Principal accusé du procès, Carlos Silvino dit «Bibi», lui-même élevé à la Casa Pia, a avoué avoir abusé de la plupart des victimes et fourni des enfants à ses co-accusés.

Aujourd'hui âgé de 52 ans, cet ancien chauffeur et jardinier de l'institution dit avoir été violé par un éducateur quand il avait quatre ans et emmené, à sept ans, «par un homme riche et important» qui lui a imposé des rapports sexuels.

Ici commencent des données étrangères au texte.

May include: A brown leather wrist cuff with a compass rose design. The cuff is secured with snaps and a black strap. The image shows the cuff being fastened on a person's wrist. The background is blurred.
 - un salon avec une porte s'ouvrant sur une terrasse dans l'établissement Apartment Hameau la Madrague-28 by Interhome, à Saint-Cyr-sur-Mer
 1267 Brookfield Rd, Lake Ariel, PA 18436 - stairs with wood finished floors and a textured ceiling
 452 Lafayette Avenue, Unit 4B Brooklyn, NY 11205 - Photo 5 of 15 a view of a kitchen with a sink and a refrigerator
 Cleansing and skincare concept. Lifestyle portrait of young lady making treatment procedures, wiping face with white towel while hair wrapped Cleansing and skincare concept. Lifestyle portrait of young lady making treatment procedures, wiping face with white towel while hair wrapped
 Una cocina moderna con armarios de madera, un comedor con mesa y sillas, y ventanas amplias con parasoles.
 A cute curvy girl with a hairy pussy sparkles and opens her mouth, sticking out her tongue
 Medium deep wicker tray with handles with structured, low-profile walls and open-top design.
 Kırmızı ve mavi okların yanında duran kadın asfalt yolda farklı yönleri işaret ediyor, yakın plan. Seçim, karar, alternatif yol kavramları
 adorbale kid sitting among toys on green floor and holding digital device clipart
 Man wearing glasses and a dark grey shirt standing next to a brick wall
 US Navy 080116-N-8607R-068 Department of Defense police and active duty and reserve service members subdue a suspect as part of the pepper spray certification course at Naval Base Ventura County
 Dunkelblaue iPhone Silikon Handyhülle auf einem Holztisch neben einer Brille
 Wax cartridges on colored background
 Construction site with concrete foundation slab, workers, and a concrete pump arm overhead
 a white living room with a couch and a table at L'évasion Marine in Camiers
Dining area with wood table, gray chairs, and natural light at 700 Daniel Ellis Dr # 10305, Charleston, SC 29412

Pour Felicia Cabrita, la journaliste de l'hebdomadaire Expresso qui avait révélé l'affaire en novembre 2002 en publiant le témoignage d'un interne de la Casa Pia, «quelle que soit la conclusion du procès, rien ne sera comme avant au Portugal». «Quand certains d'entre eux ont commencé à parler, ils ont brisé la barrière de la honte, l'arme fondamentale des pédophiles», estime-t-elle.

Pourtant, selon Catalina Pestana, «à l'intérieur, la loi du silence est toujours la plus forte. Ce sont des maisons avec des murs très hauts, et personne ne sait ce qu'il se passe à l'intérieur après six heures du soir».

«Ce procès n'est pas celui des agresseurs de la Casa Pia, c'est tout juste celui d'une garde avancée, car le restant de la colonne est dehors. Moi, je sais ce que m'ont dit les jeunes: "c'était ceux-là et beaucoup d'autres dont on ne connaît pas les noms"», affirme-t-elle.

Depuis la fin 2002, la justice portugaise a ouvert, en marge de l'affaire principale, plusieurs enquêtes sur des abus sexuels et des cas de prostitution infantile à la Casa Pia. A ce jour, 13 personnes, dont des éducateurs et employés de l'institution, ont été condamnées à des peines allant jusqu'à 9 ans de prison.

En mars 2006, sans attendre la fin du processus judiciaire, un tribunal d'arbitrage avait condamné l'Etat portugais à verser deux millions d'euros d'indemnités à 44 anciens internes de la Casa Pia, estimant qu'il avait «failli» dans sa mission de protéger les enfants.